Sebagai dialetika politik dan manuver politik, ide pembentukan dewan kolonel dan dewan kopral, atau mungkin saja nantinya akan bermunculan dewan sersan, dewan letnan, dewan kapten, dewan prajurit serta dewan “apa saja” jelas merugikan dan mendegradasi marwah dewan pimpinan pusat partai.
Dewan-dewan itu, menurut saya berpotensi mengggerus suara PDI-P, alih-alih ingin mewangikan justru malah membusukkan kader-kader yang sudah wangi seperti Puan, Ganjar atau kader-kader yang lain yang kebetulan sudah menjadi menteri atau kepala daerah dan berprestasi.
PDI-P sudah memiliki lebih dari “starting XI” yang moncer dan berpotensi menjadi meteor politik baru seperti Menteri Pemberdayaan Aparatur Negara dan Reformasi Abdullah Azwar Anas, Menteri Sosial Tri Rismaharini, Walikota Semarang Hendrar Prihadi, Walikota Solo Gibran Rakabumi, Bupati Trenggalek Mochamad Nur Arifin, atau Bupati Banyuwangi Ipuk Fiestidiandani.

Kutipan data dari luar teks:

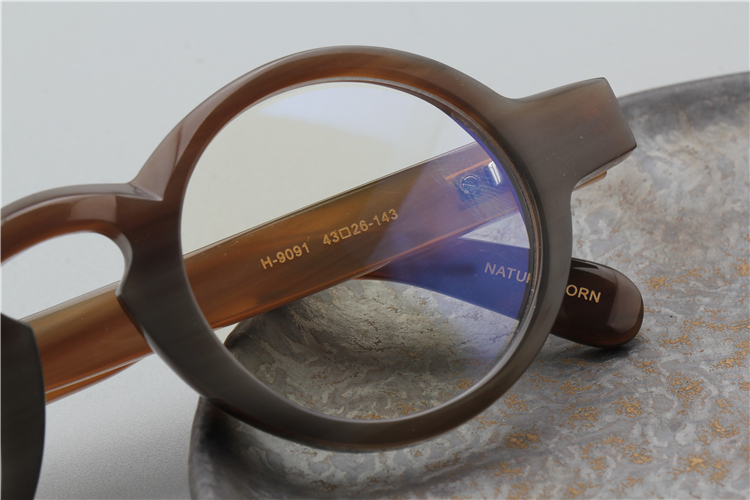  Round Buffalo Horn Glasses -Natural Horn Glasses - Thick Rim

Dewan pimpinan pusat adalah pusat pengendalian strategi partai. Bahkan dewan pimpinan pusat sudah memiliki badan pemenangan pemilu dan Megawati sudah mempunyai war room yang bisa memantau dan meng-update perkembangan politik dari waktu ke waktu.
Pembentukkan “dewan-dewan” hanyalah menghabiskan energi politik, di saat konsentrasi kebangsaan dan kenegaraan adalah membumikan kebijakan-kebijakan pemerintah yang didukung PDI-P.

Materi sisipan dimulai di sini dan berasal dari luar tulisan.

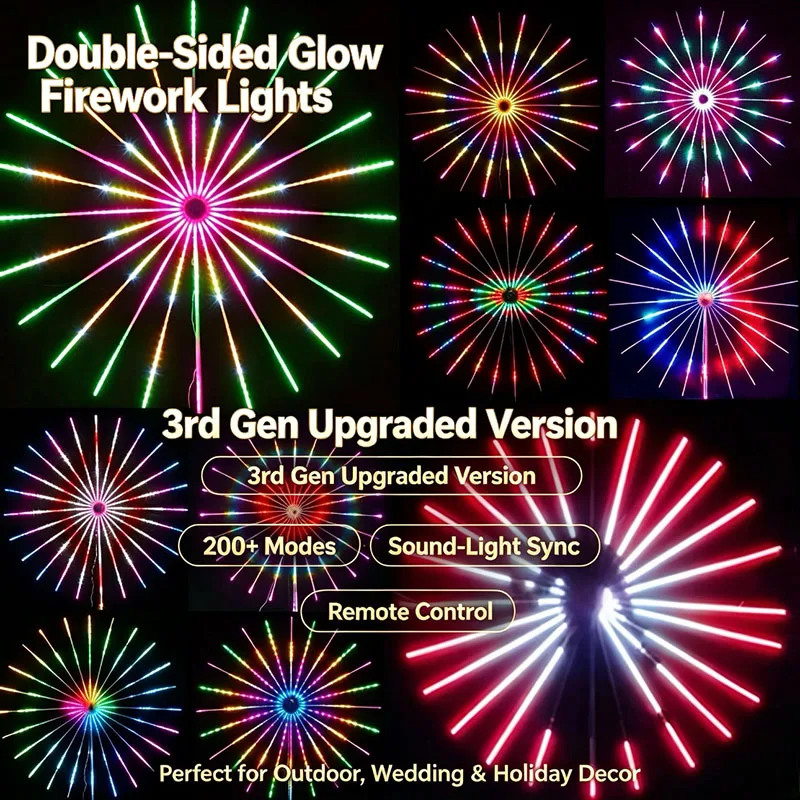 Adjustable Brightness RGB Firework Light Built‑in Speakers Remote Control Yard Lamp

Pasca kenaikan harga bahan bakar minyak (BBM) dan lonjakan inflasi yang menurunkan daya beli masyarakat, justru harus disikapi dengan cerdas oleh PDI-P. Harapan wong cilik akan kemudahan untuk mencari pangan, cukup sandang, dan ketersediaan papan harus terus diperjuangkan dan diwujudkan PDI-P.
Pengalaman lama menjadi “cantrik” Megawati Soekarnoputeri sejak 2004 hingga 2010, setelah sebelumnya menjadi wartawan embedeed sejak kisruh PDI (nama sebelum PDI-P) dikuyo-kuyo rezim Soeharto jelang Kerusuhan 27 Juli 1996, saya memahami betul insting dan feeling Megawati saat menghadapi masa-masa genting.

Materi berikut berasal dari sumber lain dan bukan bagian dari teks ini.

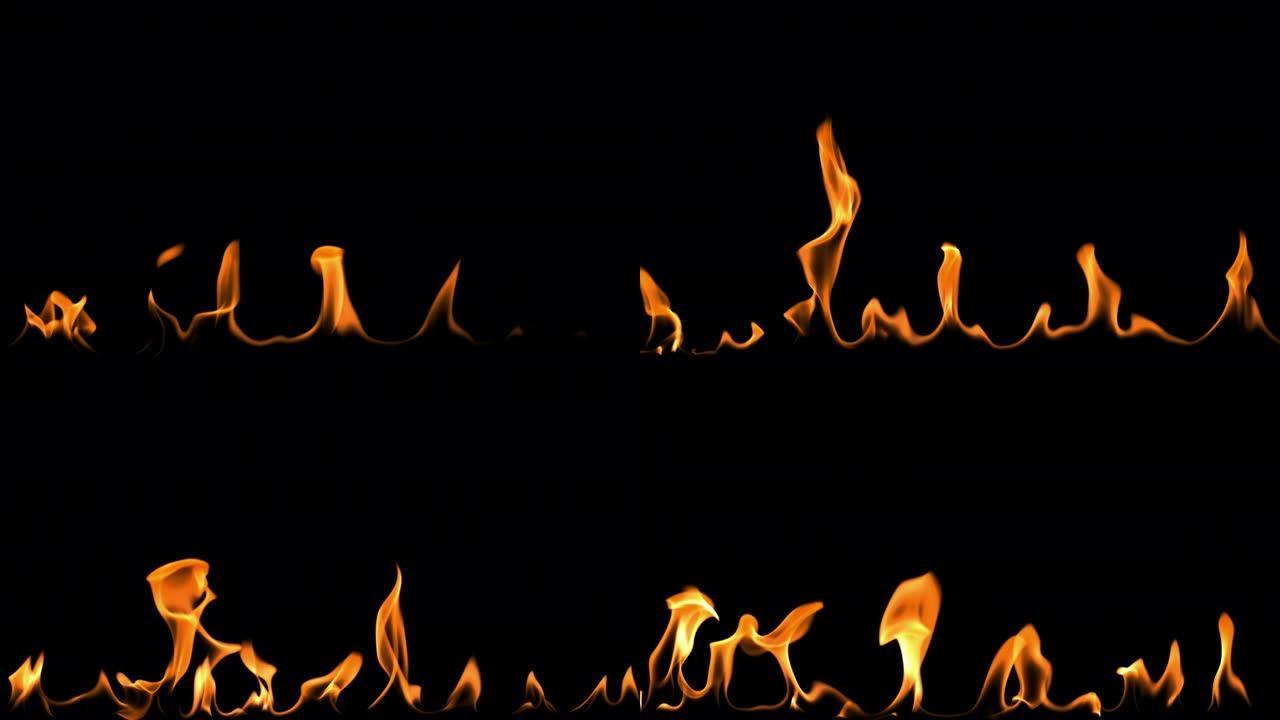 仪式火剪辑，像蜡烛火隔离在黑色背景4k，合成视频元素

Megawati tidak suka ditekan atau dipaksa. Jika ditekan dan dipaksa, justru sikapnya semakin mengeras dan kian teguh.
Saya masih ingat di saat rezim Orde Baru masih bertaji kuat, Megawati kerap menolak utusan Soeharto, baik yang militer berpangkat tinggi atau menteri-menteri Cendana yang ingin melunakkan sikap Megawati. Megawati tidak mau diatur apalagi didikte!
Sikap “berani” Jokowi yang nekad mendatangi Ukraina dan Rusia dengan datang langsung ke Kyiv akhir Juni 2022 di tengah ancaman serangan Rusia sewaktu-waktu mengingatkan saya akan keberanian Megawati. Bisa jadi, Jokowi terinspirasi dengan kenekadan dua presiden sebelumnya, Soekarno dan Megawati.
Saat mendatangi Maluku ketika ketegangan kerusuhan bernuansa SARA masih berkecamuk, Mei 2004, atau saat mengunjungi Banda Aceh ketika konflik Aceh masih bertensi tinggi, Maret 2004, saya melihat betapa Pasukan Pengamanan Presiden (Paspampres) begitu “ketar-ketir” dengan potensi kerawanan keamanan. Saya yang tidak memakai rompi anti peluru, demikian juga Megawati, begitu percaya betul dengan kemampuan Paspampres selain perlindungan Allah SWT.
Jelang keruntuhan Soeharto, Megawati sudah bernalar kuat bahwa sikap politik yang akan disampaikan adalah menolak keikutsertaan PDI dalam Pemilu 1997. Keruntuhan kepemimpinan otoriter Soeharto tidak terlepas dari konstribusi Megawati dan PDI.
Ketika Megawati meng-endoorse penuh Jokowi sebagai calon wali kota Solo tahun 2005 serta berlanjut dengan pengajuan sebagai calon gubernur DKI di 2012, Megawati justru mendapat pertentangan dari lingkar terdalamnya.